A material for the support 1 of the composite sheet of the invention may be selected from any conventional material known in the art for a supporting substrate of a printing plate according to the use and/or object of the composite sheet and/or a presensitized plate to be prepared therefrom. In the invention, a paper sheet which is water-proof such as a high wet-strength natural Kraft paper, a synthetic paper such as Yupo (manufactured by Oji Yuka Synthetic Paper Co., Ltd.), a metal sheet such as iron foil or a plastic film may be used for the support 1. A sheet of thermoplastic resin such as polyethylene terephthalate, polypropylene, oriented polypropylene, polyethylene, polyvinyl alcohol, polyvinyl chloride, ethylene-vinyl acetate copolymer, ionomer or the like may be preferably used. The thickness of the support 1 may be suitably selected from a wide range of thickness depending on the use and/or object of the composite sheet and/or a presensitized plate to be prepared therefrom in the invention.

The term "aluminum" herein used may include pure aluminum with a purity of 99% or more and an aluminum alloy with aluminum content of about 95% or more, for example JIS A 3003, 3304, 1202 or 1100, which may be appropriately selected depending on the use and/or object of the composite sheet and/or a presensitized plate to be prepared therefrom in the invention. The thickness of the aluminum foil 2 is 7-80 μm, preferably 10-80 μm and may be suitably selected according to the use and/or object of the composite sheet and/or a presensitized plate to be prepared therefrom.

The adhesive layer 3 may be used for firmly adhering the aluminum foil 2 to the support 1. An adhesive to be used in the invention may be any conventional one known to those skilled in the art such as a thermoplastic resin, for example polyethylene, ionomer, polyurethane or the like. The thickness of the adhesive layer 3 is generally 2-20 μm in the invention.

The main characteristic feature of the present invention is a specific surface roughness of the aluminum foil 2. The surface roughness of the aluminum foil 2 in the invention means a center-line mean roughness (Ra) measured by an instrument for the measurement of surface roughness by the stylus method (JIS B 0651) according to JIS B 0601-1982.

The surface roughness of the aluminum foil 2 of the invention is 0.20-0.65, preferably 0.45-0.65 μm Ra. In the present invention, the outer side 2' of the aluminum foil 2 is to have such a roughness.

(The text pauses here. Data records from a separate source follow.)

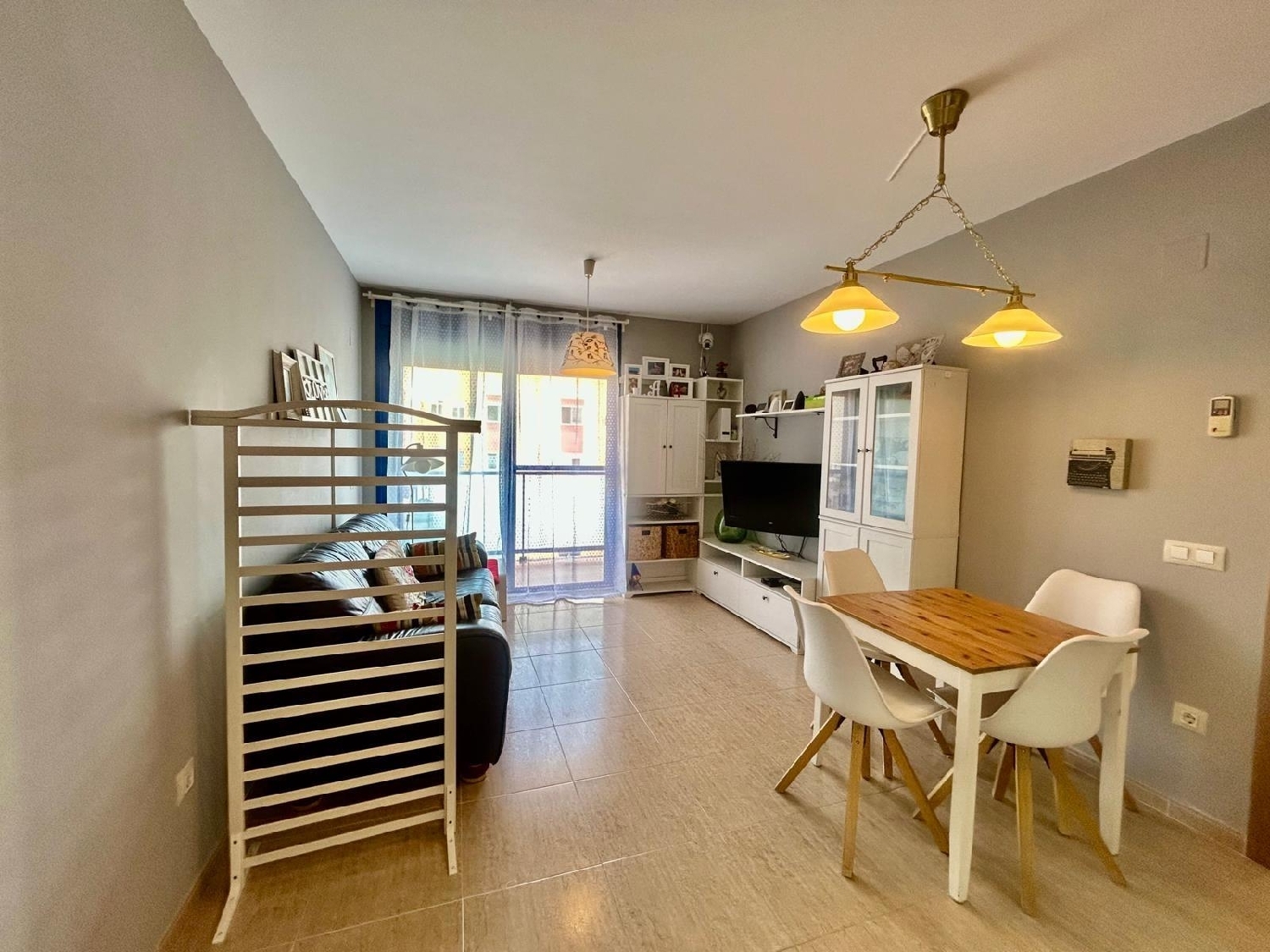  for sale apartment Sant Carles De La Ràpita Montsià 3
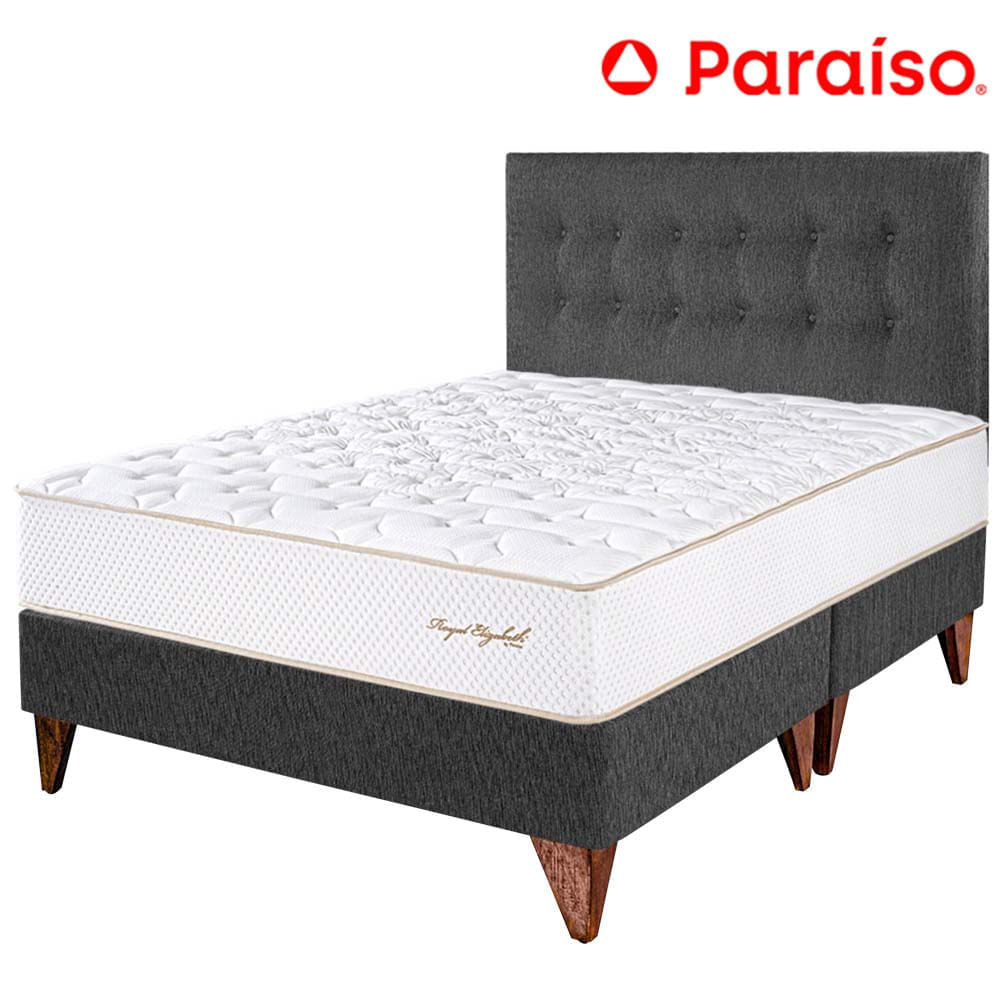 image-d58f055a3b0f456b817ef0e8fb045196 image-d58f055a3b0f456b817ef0e8fb045196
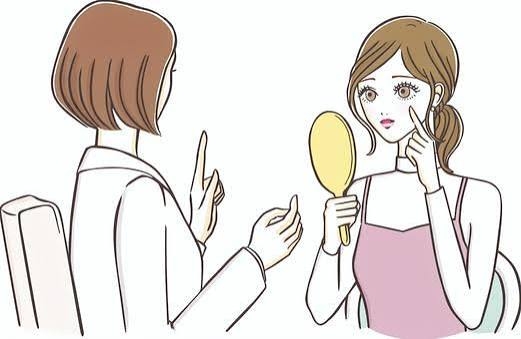 【ヒアルロン酸】経験者、検討してる方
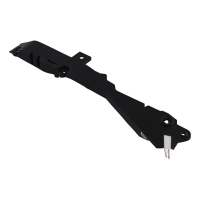 New Front Top Bulkhead Upper Bulkhead Bracket for BMW 3 Series G20 G21 G28 2019-2022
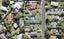 21 Taupo Street, Green Bay, Auckland - Carousel 1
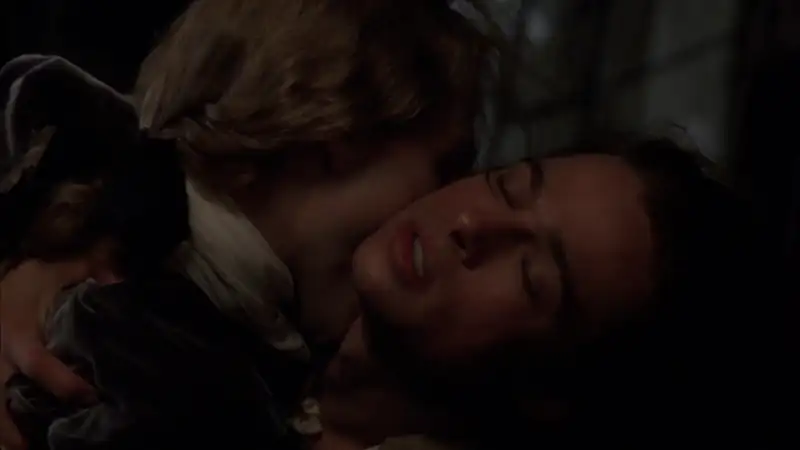 Interview with the Vampire: The Vampire Chronicles Screenshot 2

The inventors have found that the roughness of the outer surface 2' can enhance the adhesion of the aluminum foil to the photosensitive coating hereinafter mentioned (see FIG. 5) and as a result a presensitized plate prepared from such a composite sheet has an excellent printing runnability, that is, such a plate retains its good printing properties such as tone reproduction, printability and the like when the plate is subjected to many runs of printing operation, for example ten thousand or, if desired, fifty thousand or more runs.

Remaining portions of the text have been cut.